Durham was founded by the Durham Family. It is named for W. W. Durham, member of the California State Assembly. The Durham station on the California and Oregon Railroad was established in 1870. In the mid-1900s the Northern Electric Railway (later the Sacramento Northern Railway) built an electrified rail line through Durham. Both railroads served Durham for many years with both passenger and freight service; the Sacramento Northern line was removed by the 1980s, and the California and Oregon (now Union Pacific) railroad no longer stops in Durham. The Durham House is a reminder of what Durham was back in its early years. Durham grew considerably as the site of the first California State Land Settlement Colony, established by an act of the state legislature in 1917. The Durham Flour Mill, which burned down several times, was an integral part of this community.

Originally focused on cattle and sheep ranching, the Durham economy is strongly focused on almond production. The first almond trees in the area were planted experimentally in 1875, and on a commercial scale in 1895. Today, almonds, walnuts, and rice are the most important crops grown in the area.

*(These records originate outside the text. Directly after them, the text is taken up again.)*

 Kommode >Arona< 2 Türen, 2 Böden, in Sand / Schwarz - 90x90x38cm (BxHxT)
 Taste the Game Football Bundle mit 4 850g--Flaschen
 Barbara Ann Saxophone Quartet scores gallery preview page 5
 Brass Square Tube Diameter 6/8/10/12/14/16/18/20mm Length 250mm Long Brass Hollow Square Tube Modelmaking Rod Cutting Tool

On June 1, 2011, a tornado rated EF1, struck south of Durham, uprooting thousands of almond trees, destroying an out building and damaging a barn.

==Demographics==

Durham first appeared as a census-designated place in the 1990 United States census.

Historical population
| Census | Pop. | Note | %± |
| 1990 | 4,784 |  | — |
| 2000 | 5,220 |  | 9.1% |
| 2010 | 5,518 |  | 5.7% |
| 2020 | 5,834 |  | 5.7% |
U.S. Decennial Census 1990 2000 2010

===Racial and ethnic composition===

Durham CDP, California – Racial and ethnic composition Note: the US Census treats Hispanic/Latino as an ethnic category. This table excludes Latinos from the racial categories and assigns them to a separate category. Hispanics/Latinos may be of any race.
| Race / Ethnicity (NH = Non-Hispanic) | Pop 2000 | Pop 2010 | Pop 2020 | % 2000 | % 2010 | % 2020 |
|---|---|---|---|---|---|---|
| White alone (NH) | 4,578 | 4,664 | 4,567 | 87.70% | 84.52% | 78.28% |
| Black or African American alone (NH) | 7 | 17 | 35 | 0.13% | 0.31% | 0.60% |
| Native American or Alaska Native alone (NH) | 31 | 48 | 50 | 0.59% | 0.87% | 0.86% |
| Asian alone (NH) | 32 | 34 | 61 | 0.61% | 0.62% | 1.05% |
| Native Hawaiian or Pacific Islander alone (NH) | 6 | 8 | 6 | 0.11% | 0.14% | 0.10% |
| Other race alone (NH) | 9 | 16 | 43 | 0.17% | 0.29% | 0.74% |
| Mixed race or Multiracial (NH) | 88 | 117 | 261 | 1.69% | 2.12% | 4.47% |
| Hispanic or Latino (any race) | 469 | 614 | 811 | 8.98% | 11.13% | 13.90% |
| Total | 5,220 | 5,518 | 5,834 | 100.00% | 100.00% | 100.00% |

===2020 census===
As of the 2020 census, Durham had a population of 5,834. The population density was 71.4 PD/sqmi. The median age was 45.3 years. The age distribution was 21.8% under the age of 18, 6.2% aged 18 to 24, 21.8% aged 25 to 44, 27.3% aged 45 to 64, and 23.0% who were 65 years of age or older. For every 100 females, there were 102.4 males, and for every 100 females age 18 and over there were 101.8 males age 18 and over.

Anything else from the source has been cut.